Extracted information:
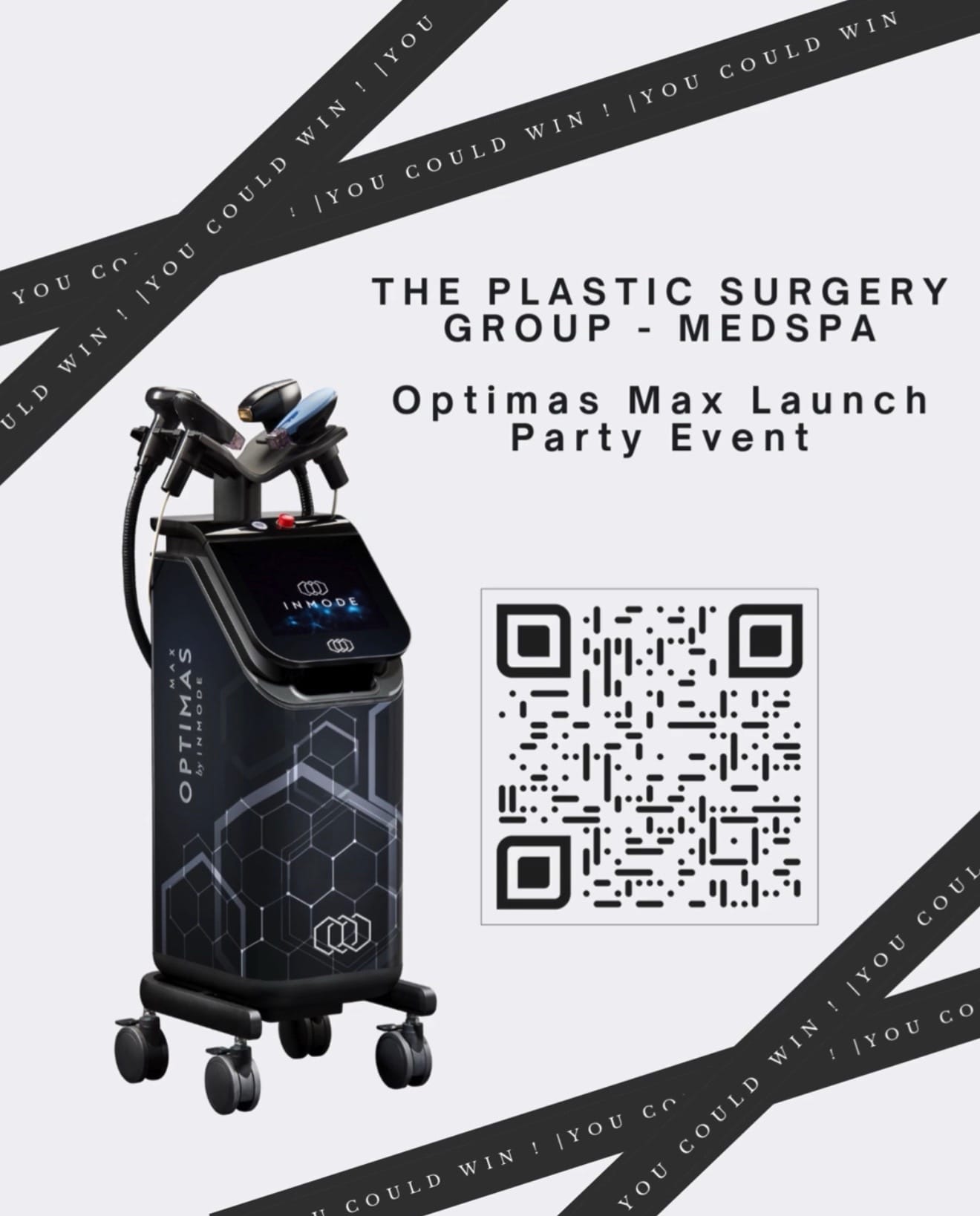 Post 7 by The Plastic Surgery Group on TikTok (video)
==
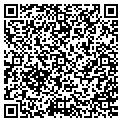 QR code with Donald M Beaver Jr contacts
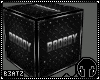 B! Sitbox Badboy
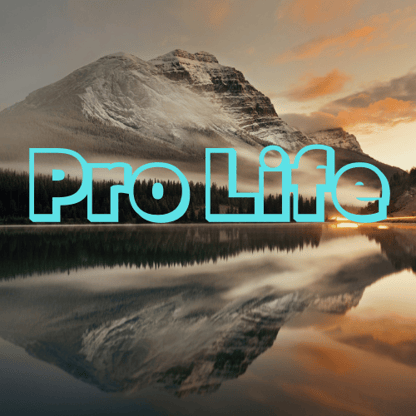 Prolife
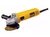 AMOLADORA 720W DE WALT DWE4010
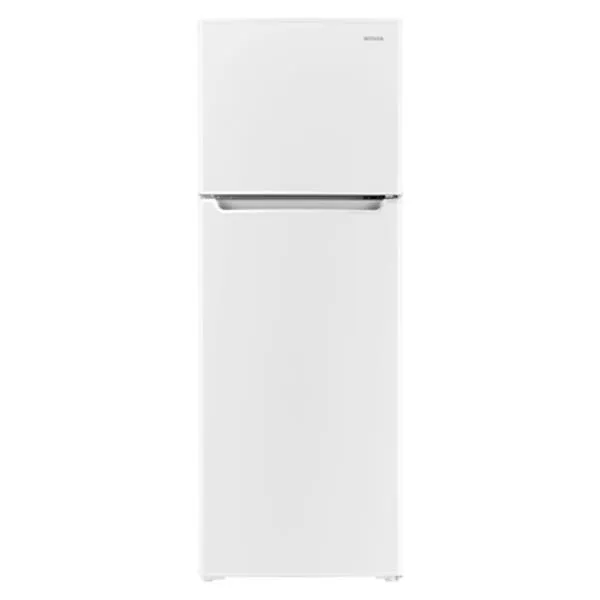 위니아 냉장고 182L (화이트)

Your goal: When you reach the line containing "B! Sitbox Badboy" in the entries above, begin restating word for word, and stop once the line containing "위니아 냉장고 182L (화이트)" has been given. Omit the pictures.

Problem solution:
 B! Sitbox Badboy
 Prolife
 AMOLADORA 720W DE WALT DWE4010
 위니아 냉장고 182L (화이트)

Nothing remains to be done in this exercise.